Required work:
Each entry below should be retyped exactly, with nothing omitted.

Data to process:
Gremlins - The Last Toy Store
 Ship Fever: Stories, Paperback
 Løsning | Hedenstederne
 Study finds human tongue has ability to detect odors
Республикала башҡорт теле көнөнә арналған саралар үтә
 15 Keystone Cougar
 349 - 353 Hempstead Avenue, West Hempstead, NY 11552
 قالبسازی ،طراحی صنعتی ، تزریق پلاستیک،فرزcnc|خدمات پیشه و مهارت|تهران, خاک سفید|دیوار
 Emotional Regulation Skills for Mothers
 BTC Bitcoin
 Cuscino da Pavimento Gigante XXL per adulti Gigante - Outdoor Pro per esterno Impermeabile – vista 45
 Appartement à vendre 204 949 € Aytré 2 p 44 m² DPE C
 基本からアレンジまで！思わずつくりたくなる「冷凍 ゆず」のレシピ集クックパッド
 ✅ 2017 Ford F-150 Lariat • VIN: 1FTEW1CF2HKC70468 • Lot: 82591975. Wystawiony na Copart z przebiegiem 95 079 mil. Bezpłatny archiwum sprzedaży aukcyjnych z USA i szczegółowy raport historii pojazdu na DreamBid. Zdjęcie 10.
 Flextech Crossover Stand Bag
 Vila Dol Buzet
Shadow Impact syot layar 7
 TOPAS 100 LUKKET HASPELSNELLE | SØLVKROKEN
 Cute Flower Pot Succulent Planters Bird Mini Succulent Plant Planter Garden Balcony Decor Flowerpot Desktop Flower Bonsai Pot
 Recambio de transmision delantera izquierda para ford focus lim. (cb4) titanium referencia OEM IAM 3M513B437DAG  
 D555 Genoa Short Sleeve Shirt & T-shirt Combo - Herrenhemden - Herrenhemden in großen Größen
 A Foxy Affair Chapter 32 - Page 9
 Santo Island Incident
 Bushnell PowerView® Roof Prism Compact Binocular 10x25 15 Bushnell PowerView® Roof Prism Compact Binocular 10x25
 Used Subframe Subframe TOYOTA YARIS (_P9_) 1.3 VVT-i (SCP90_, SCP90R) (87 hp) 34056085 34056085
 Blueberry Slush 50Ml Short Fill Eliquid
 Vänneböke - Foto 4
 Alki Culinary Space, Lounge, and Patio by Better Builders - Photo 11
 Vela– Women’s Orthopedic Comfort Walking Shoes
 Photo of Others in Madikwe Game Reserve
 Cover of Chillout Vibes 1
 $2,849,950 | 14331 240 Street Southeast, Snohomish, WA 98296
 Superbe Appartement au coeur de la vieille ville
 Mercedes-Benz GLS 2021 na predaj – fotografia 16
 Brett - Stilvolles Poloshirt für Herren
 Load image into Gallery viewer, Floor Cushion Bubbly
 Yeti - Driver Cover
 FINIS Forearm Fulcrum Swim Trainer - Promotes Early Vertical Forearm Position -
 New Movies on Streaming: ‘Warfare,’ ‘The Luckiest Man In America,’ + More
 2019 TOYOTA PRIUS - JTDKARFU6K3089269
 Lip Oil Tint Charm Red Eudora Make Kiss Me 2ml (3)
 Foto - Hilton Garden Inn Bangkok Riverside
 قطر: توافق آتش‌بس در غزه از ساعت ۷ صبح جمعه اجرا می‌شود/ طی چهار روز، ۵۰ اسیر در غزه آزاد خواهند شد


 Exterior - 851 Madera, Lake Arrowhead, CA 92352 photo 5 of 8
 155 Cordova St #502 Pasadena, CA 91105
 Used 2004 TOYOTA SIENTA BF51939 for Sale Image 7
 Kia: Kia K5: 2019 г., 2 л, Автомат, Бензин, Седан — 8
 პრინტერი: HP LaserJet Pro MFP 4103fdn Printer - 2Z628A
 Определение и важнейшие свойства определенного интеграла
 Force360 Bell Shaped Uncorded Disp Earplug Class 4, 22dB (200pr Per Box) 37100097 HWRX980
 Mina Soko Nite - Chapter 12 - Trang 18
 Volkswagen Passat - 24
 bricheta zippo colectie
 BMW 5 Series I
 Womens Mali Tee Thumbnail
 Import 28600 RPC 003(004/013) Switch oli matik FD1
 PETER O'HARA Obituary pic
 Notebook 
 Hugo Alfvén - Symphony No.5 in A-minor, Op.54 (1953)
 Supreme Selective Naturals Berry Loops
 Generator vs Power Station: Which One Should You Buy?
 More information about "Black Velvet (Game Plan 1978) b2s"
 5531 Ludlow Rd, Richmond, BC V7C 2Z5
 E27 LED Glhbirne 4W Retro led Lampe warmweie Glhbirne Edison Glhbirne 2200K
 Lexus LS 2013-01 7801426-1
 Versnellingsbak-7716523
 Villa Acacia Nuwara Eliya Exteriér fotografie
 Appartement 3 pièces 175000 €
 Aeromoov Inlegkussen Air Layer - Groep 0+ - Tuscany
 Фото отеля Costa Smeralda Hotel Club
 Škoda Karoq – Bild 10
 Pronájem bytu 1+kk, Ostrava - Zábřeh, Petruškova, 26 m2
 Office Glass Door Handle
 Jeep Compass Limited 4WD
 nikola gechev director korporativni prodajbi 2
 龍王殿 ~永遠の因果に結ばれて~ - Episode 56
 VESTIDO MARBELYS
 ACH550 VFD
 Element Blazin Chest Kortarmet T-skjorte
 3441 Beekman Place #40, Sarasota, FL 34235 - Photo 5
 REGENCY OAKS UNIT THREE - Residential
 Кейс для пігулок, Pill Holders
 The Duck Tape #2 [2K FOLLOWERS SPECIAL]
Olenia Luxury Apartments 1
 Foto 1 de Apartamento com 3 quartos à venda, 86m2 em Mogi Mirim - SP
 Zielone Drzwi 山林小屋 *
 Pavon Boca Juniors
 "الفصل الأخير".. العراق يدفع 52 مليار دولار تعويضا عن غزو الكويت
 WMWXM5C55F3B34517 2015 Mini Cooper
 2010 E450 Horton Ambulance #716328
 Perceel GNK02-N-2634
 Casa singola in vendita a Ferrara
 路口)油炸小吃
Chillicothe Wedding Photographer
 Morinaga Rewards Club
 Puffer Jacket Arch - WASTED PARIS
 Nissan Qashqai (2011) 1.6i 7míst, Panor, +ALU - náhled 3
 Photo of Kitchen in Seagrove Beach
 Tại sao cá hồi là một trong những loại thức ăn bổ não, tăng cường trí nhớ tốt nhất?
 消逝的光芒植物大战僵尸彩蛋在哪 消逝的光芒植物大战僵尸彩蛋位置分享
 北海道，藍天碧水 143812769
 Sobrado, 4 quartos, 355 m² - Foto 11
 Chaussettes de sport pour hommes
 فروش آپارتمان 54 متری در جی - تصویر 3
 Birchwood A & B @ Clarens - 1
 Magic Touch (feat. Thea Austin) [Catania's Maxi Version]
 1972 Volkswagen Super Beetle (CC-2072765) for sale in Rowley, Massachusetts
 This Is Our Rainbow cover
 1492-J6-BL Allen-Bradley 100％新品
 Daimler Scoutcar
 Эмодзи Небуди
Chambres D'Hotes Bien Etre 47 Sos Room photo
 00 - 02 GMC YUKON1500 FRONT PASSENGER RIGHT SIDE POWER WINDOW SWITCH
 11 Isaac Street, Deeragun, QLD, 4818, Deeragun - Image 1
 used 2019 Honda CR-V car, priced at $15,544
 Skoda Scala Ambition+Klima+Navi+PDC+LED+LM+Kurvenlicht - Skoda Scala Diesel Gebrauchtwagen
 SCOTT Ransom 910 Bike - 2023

Task answer:
Gremlins - The Last Toy Store
 Ship Fever: Stories, Paperback
 Løsning | Hedenstederne
 Study finds human tongue has ability to detect odors
Республикала башҡорт теле көнөнә арналған саралар үтә
 15 Keystone Cougar
 349 - 353 Hempstead Avenue, West Hempstead, NY 11552
 قالبسازی ،طراحی صنعتی ، تزریق پلاستیک،فرزcnc|خدمات پیشه و مهارت|تهران, خاک سفید|دیوار
 Emotional Regulation Skills for Mothers
 BTC Bitcoin
 Cuscino da Pavimento Gigante XXL per adulti Gigante - Outdoor Pro per esterno Impermeabile – vista 45
 Appartement à vendre 204 949 € Aytré 2 p 44 m² DPE C
 基本からアレンジまで！思わずつくりたくなる「冷凍 ゆず」のレシピ集クックパッド
 ✅ 2017 Ford F-150 Lariat • VIN: 1FTEW1CF2HKC70468 • Lot: 82591975. Wystawiony na Copart z przebiegiem 95 079 mil. Bezpłatny archiwum sprzedaży aukcyjnych z USA i szczegółowy raport historii pojazdu na DreamBid. Zdjęcie 10.
 Flextech Crossover Stand Bag
 Vila Dol Buzet
Shadow Impact syot layar 7
 TOPAS 100 LUKKET HASPELSNELLE | SØLVKROKEN
 Cute Flower Pot Succulent Planters Bird Mini Succulent Plant Planter Garden Balcony Decor Flowerpot Desktop Flower Bonsai Pot
 Recambio de transmision delantera izquierda para ford focus lim. (cb4) titanium referencia OEM IAM 3M513B437DAG  
 D555 Genoa Short Sleeve Shirt & T-shirt Combo - Herrenhemden - Herrenhemden in großen Größen
 A Foxy Affair Chapter 32 - Page 9
 Santo Island Incident
 Bushnell PowerView® Roof Prism Compact Binocular 10x25 15 Bushnell PowerView® Roof Prism Compact Binocular 10x25
 Used Subframe Subframe TOYOTA YARIS (_P9_) 1.3 VVT-i (SCP90_, SCP90R) (87 hp) 34056085 34056085
 Blueberry Slush 50Ml Short Fill Eliquid
 Vänneböke - Foto 4
 Alki Culinary Space, Lounge, and Patio by Better Builders - Photo 11
 Vela– Women’s Orthopedic Comfort Walking Shoes
 Photo of Others in Madikwe Game Reserve
 Cover of Chillout Vibes 1
 $2,849,950 | 14331 240 Street Southeast, Snohomish, WA 98296
 Superbe Appartement au coeur de la vieille ville
 Mercedes-Benz GLS 2021 na predaj – fotografia 16
 Brett - Stilvolles Poloshirt für Herren
 Load image into Gallery viewer, Floor Cushion Bubbly
 Yeti - Driver Cover
 FINIS Forearm Fulcrum Swim Trainer - Promotes Early Vertical Forearm Position -
 New Movies on Streaming: ‘Warfare,’ ‘The Luckiest Man In America,’ + More
 2019 TOYOTA PRIUS - JTDKARFU6K3089269
 Lip Oil Tint Charm Red Eudora Make Kiss Me 2ml (3)
 Foto - Hilton Garden Inn Bangkok Riverside
 قطر: توافق آتش‌بس در غزه از ساعت ۷ صبح جمعه اجرا می‌شود/ طی چهار روز، ۵۰ اسیر در غزه آزاد خواهند شد


 Exterior - 851 Madera, Lake Arrowhead, CA 92352 photo 5 of 8
 155 Cordova St #502 Pasadena, CA 91105
 Used 2004 TOYOTA SIENTA BF51939 for Sale Image 7
 Kia: Kia K5: 2019 г., 2 л, Автомат, Бензин, Седан — 8
 პრინტერი: HP LaserJet Pro MFP 4103fdn Printer - 2Z628A
 Определение и важнейшие свойства определенного интеграла
 Force360 Bell Shaped Uncorded Disp Earplug Class 4, 22dB (200pr Per Box) 37100097 HWRX980
 Mina Soko Nite - Chapter 12 - Trang 18
 Volkswagen Passat - 24
 bricheta zippo colectie
 BMW 5 Series I
 Womens Mali Tee Thumbnail
 Import 28600 RPC 003(004/013) Switch oli matik FD1
 PETER O'HARA Obituary pic
 Notebook 
 Hugo Alfvén - Symphony No.5 in A-minor, Op.54 (1953)
 Supreme Selective Naturals Berry Loops
 Generator vs Power Station: Which One Should You Buy?
 More information about "Black Velvet (Game Plan 1978) b2s"
 5531 Ludlow Rd, Richmond, BC V7C 2Z5
 E27 LED Glhbirne 4W Retro led Lampe warmweie Glhbirne Edison Glhbirne 2200K
 Lexus LS 2013-01 7801426-1
 Versnellingsbak-7716523
 Villa Acacia Nuwara Eliya Exteriér fotografie
 Appartement 3 pièces 175000 €
 Aeromoov Inlegkussen Air Layer - Groep 0+ - Tuscany
 Фото отеля Costa Smeralda Hotel Club
 Škoda Karoq – Bild 10
 Pronájem bytu 1+kk, Ostrava - Zábřeh, Petruškova, 26 m2
 Office Glass Door Handle
 Jeep Compass Limited 4WD
 nikola gechev director korporativni prodajbi 2
 龍王殿 ~永遠の因果に結ばれて~ - Episode 56
 VESTIDO MARBELYS
 ACH550 VFD
 Element Blazin Chest Kortarmet T-skjorte
 3441 Beekman Place #40, Sarasota, FL 34235 - Photo 5
 REGENCY OAKS UNIT THREE - Residential
 Кейс для пігулок, Pill Holders
 The Duck Tape #2 [2K FOLLOWERS SPECIAL]
Olenia Luxury Apartments 1
 Foto 1 de Apartamento com 3 quartos à venda, 86m2 em Mogi Mirim - SP
 Zielone Drzwi 山林小屋 *
 Pavon Boca Juniors
 "الفصل الأخير".. العراق يدفع 52 مليار دولار تعويضا عن غزو الكويت
 WMWXM5C55F3B34517 2015 Mini Cooper
 2010 E450 Horton Ambulance #716328
 Perceel GNK02-N-2634
 Casa singola in vendita a Ferrara
 路口)油炸小吃
Chillicothe Wedding Photographer
 Morinaga Rewards Club
 Puffer Jacket Arch - WASTED PARIS
 Nissan Qashqai (2011) 1.6i 7míst, Panor, +ALU - náhled 3
 Photo of Kitchen in Seagrove Beach
 Tại sao cá hồi là một trong những loại thức ăn bổ não, tăng cường trí nhớ tốt nhất?
 消逝的光芒植物大战僵尸彩蛋在哪 消逝的光芒植物大战僵尸彩蛋位置分享
 北海道，藍天碧水 143812769
 Sobrado, 4 quartos, 355 m² - Foto 11
 Chaussettes de sport pour hommes
 فروش آپارتمان 54 متری در جی - تصویر 3
 Birchwood A & B @ Clarens - 1
 Magic Touch (feat. Thea Austin) [Catania's Maxi Version]
 1972 Volkswagen Super Beetle (CC-2072765) for sale in Rowley, Massachusetts
 This Is Our Rainbow cover
 1492-J6-BL Allen-Bradley 100％新品
 Daimler Scoutcar
 Эмодзи Небуди
Chambres D'Hotes Bien Etre 47 Sos Room photo
 00 - 02 GMC YUKON1500 FRONT PASSENGER RIGHT SIDE POWER WINDOW SWITCH
 11 Isaac Street, Deeragun, QLD, 4818, Deeragun - Image 1
 used 2019 Honda CR-V car, priced at $15,544
 Skoda Scala Ambition+Klima+Navi+PDC+LED+LM+Kurvenlicht - Skoda Scala Diesel Gebrauchtwagen
 SCOTT Ransom 910 Bike - 2023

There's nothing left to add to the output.